NFL At 100: Finding labor peace always a tortured process

NEW YORK (AP) — Lombardi Trophy. TV contracts. New stadiums. Huge profits.

Those are some two-word phrases that mean the most to NFL owners.

Another that should be listed: labor peace.

That has not been an easily attained objective, particularly since the NFL Players Association was created in 1956. There have been in-season and preseason strikes and lockouts and contentious negotiations. Costly court actions, too.

Even during Paul Tagliabue’s era as commissioner, when there were no disruptions, players pushed hard for freedom of movement and owners sought — usually with success until 1993 — to keep the status quo. It wasn’t until 17 years after baseball players won free agency that their football brethren got it, with some restrictions.

In order to ensure the 32 teams remain money-making machines — and can compete for that Super Bowl bauble — there must be a collective bargaining agreement with the players’ union. For two commissioners, Pete Rozelle (1960-89) and Roger Goodell (2006-present), that has proven a difficult challenge.

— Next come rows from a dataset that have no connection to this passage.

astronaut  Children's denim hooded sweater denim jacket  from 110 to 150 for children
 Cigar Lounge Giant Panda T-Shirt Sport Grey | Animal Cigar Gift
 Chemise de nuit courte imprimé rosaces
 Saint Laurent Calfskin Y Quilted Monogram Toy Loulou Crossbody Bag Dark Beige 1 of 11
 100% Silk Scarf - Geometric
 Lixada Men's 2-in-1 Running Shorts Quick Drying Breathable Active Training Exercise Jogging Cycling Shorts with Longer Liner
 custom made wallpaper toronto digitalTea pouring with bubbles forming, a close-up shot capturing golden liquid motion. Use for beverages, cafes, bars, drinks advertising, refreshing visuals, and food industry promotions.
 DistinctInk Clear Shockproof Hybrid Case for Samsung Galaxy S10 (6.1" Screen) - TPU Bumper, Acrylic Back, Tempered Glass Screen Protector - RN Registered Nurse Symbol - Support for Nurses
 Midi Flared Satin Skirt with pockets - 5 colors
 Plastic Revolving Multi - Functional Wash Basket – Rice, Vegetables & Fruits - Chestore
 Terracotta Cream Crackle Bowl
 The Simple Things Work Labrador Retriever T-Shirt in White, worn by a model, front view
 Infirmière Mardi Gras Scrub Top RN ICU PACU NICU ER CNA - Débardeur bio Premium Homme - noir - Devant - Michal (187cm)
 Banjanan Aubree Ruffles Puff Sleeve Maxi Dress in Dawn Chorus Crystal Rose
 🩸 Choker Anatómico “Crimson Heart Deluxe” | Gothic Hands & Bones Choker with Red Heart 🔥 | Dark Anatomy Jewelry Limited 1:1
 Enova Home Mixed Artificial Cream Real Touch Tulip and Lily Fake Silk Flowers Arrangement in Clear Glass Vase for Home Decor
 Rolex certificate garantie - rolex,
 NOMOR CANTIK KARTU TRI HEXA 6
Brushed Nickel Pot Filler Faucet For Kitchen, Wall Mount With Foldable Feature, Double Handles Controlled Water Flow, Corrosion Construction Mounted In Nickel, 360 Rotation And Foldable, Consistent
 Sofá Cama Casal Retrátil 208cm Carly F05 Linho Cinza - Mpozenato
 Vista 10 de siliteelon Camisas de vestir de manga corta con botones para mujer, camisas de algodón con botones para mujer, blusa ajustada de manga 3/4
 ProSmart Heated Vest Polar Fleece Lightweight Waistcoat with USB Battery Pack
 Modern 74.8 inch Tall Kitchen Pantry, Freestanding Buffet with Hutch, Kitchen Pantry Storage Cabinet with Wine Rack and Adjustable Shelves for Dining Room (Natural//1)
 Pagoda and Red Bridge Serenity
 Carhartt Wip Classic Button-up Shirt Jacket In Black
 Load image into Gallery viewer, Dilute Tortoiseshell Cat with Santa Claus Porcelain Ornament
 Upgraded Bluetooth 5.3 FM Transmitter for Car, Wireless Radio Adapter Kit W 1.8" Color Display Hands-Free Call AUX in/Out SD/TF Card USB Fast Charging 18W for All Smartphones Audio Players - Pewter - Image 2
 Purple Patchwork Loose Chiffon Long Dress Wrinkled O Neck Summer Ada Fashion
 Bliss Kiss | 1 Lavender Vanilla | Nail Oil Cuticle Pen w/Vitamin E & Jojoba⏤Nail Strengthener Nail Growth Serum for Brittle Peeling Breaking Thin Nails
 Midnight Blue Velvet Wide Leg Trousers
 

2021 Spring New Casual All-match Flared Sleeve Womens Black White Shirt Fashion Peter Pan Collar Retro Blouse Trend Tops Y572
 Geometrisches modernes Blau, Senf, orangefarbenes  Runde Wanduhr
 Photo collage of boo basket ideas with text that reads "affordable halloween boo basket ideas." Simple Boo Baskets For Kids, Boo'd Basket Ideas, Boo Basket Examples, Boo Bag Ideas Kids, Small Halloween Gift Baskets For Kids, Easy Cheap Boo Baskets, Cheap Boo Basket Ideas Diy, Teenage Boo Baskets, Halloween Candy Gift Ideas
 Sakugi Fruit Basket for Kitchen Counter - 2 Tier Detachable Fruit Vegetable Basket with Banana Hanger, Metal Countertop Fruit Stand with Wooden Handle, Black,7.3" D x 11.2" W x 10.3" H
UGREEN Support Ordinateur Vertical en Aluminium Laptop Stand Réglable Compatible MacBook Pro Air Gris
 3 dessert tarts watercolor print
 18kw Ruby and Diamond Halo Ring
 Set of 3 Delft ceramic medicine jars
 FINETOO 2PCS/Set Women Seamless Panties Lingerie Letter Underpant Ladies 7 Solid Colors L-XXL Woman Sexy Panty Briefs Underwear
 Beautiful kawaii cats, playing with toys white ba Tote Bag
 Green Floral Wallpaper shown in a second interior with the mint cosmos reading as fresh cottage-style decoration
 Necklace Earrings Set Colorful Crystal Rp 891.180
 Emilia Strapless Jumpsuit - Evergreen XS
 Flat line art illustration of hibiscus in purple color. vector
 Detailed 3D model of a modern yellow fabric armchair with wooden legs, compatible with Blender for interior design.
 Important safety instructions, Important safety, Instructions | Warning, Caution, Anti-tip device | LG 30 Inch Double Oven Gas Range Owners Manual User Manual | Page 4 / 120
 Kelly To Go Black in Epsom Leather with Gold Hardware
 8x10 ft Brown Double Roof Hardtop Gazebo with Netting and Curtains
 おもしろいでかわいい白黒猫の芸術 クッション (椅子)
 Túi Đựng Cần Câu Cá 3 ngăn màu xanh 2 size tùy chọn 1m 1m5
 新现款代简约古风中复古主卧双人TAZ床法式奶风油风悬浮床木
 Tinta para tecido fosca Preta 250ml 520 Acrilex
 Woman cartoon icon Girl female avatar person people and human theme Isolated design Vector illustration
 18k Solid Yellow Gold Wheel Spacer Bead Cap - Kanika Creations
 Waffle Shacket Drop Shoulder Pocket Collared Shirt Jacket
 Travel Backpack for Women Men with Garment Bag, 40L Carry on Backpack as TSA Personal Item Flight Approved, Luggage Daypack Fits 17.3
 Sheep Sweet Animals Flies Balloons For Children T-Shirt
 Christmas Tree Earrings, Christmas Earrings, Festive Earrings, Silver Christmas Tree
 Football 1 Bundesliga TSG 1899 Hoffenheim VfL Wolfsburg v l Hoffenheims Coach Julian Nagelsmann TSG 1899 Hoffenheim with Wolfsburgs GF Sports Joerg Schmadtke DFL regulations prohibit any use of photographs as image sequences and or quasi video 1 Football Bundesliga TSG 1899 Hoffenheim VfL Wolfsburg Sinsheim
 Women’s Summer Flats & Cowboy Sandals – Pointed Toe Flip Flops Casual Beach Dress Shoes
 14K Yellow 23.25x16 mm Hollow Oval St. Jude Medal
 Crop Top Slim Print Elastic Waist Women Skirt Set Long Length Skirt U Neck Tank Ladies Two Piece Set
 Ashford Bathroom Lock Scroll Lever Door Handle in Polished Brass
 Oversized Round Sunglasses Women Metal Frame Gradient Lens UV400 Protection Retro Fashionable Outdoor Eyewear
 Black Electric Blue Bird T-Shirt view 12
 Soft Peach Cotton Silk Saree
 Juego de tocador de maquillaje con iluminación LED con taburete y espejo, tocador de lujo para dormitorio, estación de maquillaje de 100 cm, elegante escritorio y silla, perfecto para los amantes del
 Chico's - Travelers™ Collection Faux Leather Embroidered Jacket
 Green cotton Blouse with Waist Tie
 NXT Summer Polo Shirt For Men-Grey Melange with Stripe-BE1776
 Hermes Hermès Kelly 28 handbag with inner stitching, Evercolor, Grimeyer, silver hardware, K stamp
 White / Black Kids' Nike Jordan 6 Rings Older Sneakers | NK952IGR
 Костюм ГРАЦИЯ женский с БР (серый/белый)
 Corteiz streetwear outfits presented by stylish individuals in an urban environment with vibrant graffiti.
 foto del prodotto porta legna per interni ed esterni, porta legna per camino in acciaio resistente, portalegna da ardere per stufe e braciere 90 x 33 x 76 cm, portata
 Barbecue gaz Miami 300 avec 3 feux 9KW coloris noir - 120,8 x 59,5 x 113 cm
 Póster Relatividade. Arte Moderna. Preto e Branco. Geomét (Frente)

Under Rozelle, there were two strikes and three other work stoppages, though only the strikes affected the regular season. And, to be fair, Rozelle was not involved in negotiations with the union, then led by Ed Garvey; the NFL’s management council had full authority.

Goodell, of course, was leading the league in 2011 when there was a 132-day lockout of the players before a 10-year deal was reached.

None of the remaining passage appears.